La gente tiene que combinar en el debate político sus emociones con sus razonamientos y las influencias son mutuas y muy fuertes. Si yo evalúo a un joven de la edad de mi hijo, me va a costar resistir la tentación de darle mejor nota. Lo que pasa es que no nos gusta decir que nos conducimos emocionalmente, que hemos votado al que nos cae mejor y no al otro porque te cae fatal. El argumento más fuerte siempre es el emocional. La razón tendría que ser siempre más fuerte que la emoción, porque realmente es más poderosa. Pero necesita tiempo y no se lo damos. La emoción es fuerte enseguida. Te dicen algo que te suena a insulto o a inconveniencia y se te dispara la emoción. Pero si cuentas hasta diez, lo evitarías. Pero en una persona sana, la vida humana es emoción y razón, conjuntamente.

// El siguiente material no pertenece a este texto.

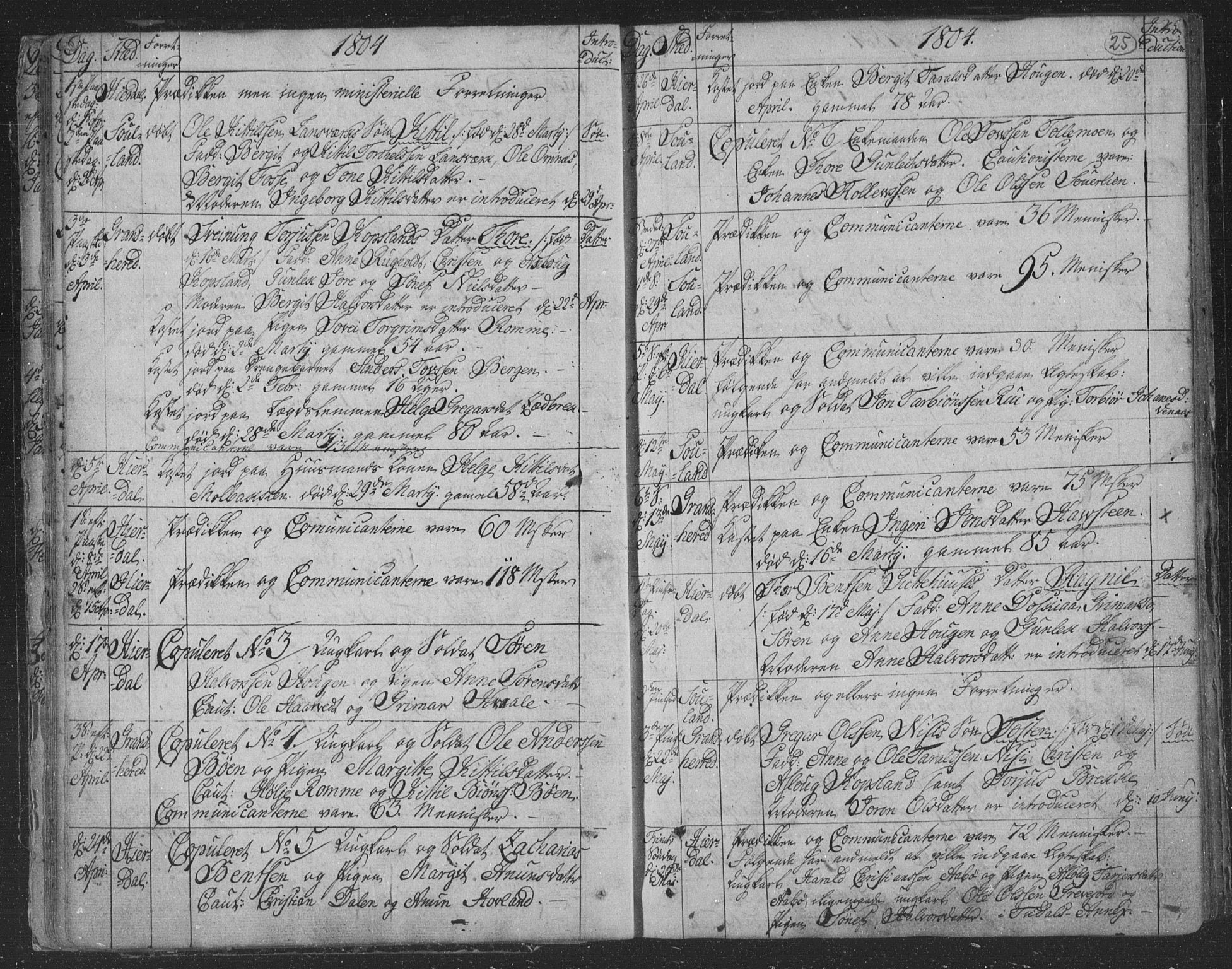 Hjartdal kirkebøker, SAKO/A-270/F/Fa/L0006: Parish register (official) no. I 6, 1801-1814, p. 25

P. Hablaba antes de que estar expuesto a estímulos como el sexo o algunos fármacos que con mucha frecuencia crean una habituación. ¿Pasa esto con la política? ¿Es posible que la necesidad de llamar nuestra atención, que ya está un poco mermada por el bombardeo continuo de información, explique el éxito de algunos discursos extremistas y de la política espectáculo?
R. Un ejemplo clarísimo lo tenemos en Cataluña. El cansancio que hay con el procés, que ha sido muy espectacular en muchos momentos y mucha gente lo ha vivido con un apasionamiento grande. El apasionamiento con que se vive está cayendo en picado. Eso no quiere decir que vaya a desaparecer la gente que quiere la independencia, pero ese globo pasional se está desinflando. Tengo amigos que son independentistas y durante unos cuantos años recibíamos continuamente correos electrónicos que decían: ya está hecho, ya es el año de la independencia. Al año siguiente, este sí que sí, y un año después, igual. Si cada año era el año de la independencia que al final no llegaba nunca, se produce una habituación, un agotamiento.

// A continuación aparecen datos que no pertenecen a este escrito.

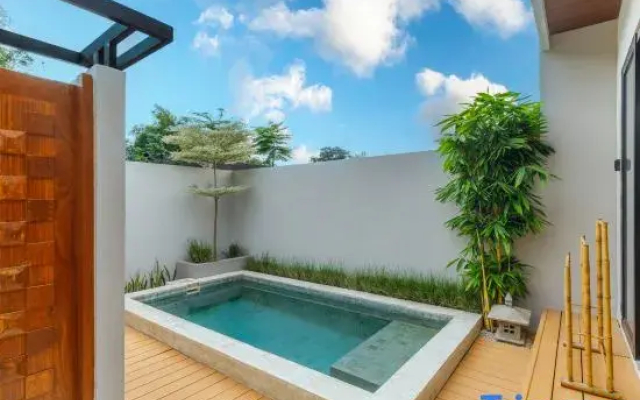 Terra House B1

P. ¿La legalidad o ilegalidad de determinadas sustancias en nuestra sociedad está relacionada con sus efectos y con el daño que pueden provocar a quien las tome?
R. Con las motivaciones ocurre con mucha frecuencia que una motivación inicialmente incentiva, es decir, algo que consumes para obtener placer, acaba por convertirse en una motivación homeostática, en algo que consumes no para obtener placer, sino para evitar sentirte muy mal. Un clásico es que empiezas a fumar por el placer que te produce, pero si te vuelves adicto, llega un momento en que fumas porque si no te sientes fatal.
La nicotina es una droga con un poder adictivo brutal. Cometimos durante mucho tiempo el error de considerar que el tabaco era un hábito. La gente cuando decía que era un hábito, le estaba restando importancia a lo que hay debajo, que es la adicción. Eso significa que tu biología cerebral, por no hablar del resto del cuerpo, cambia, y en ese momento ya estás enganchado. Tus neuronas necesitan esa sustancia para funcionar. La adicción al alcohol también es brutal. El alcohol y la heroína son dos de las grandes drogas que producen una dependencia tremenda.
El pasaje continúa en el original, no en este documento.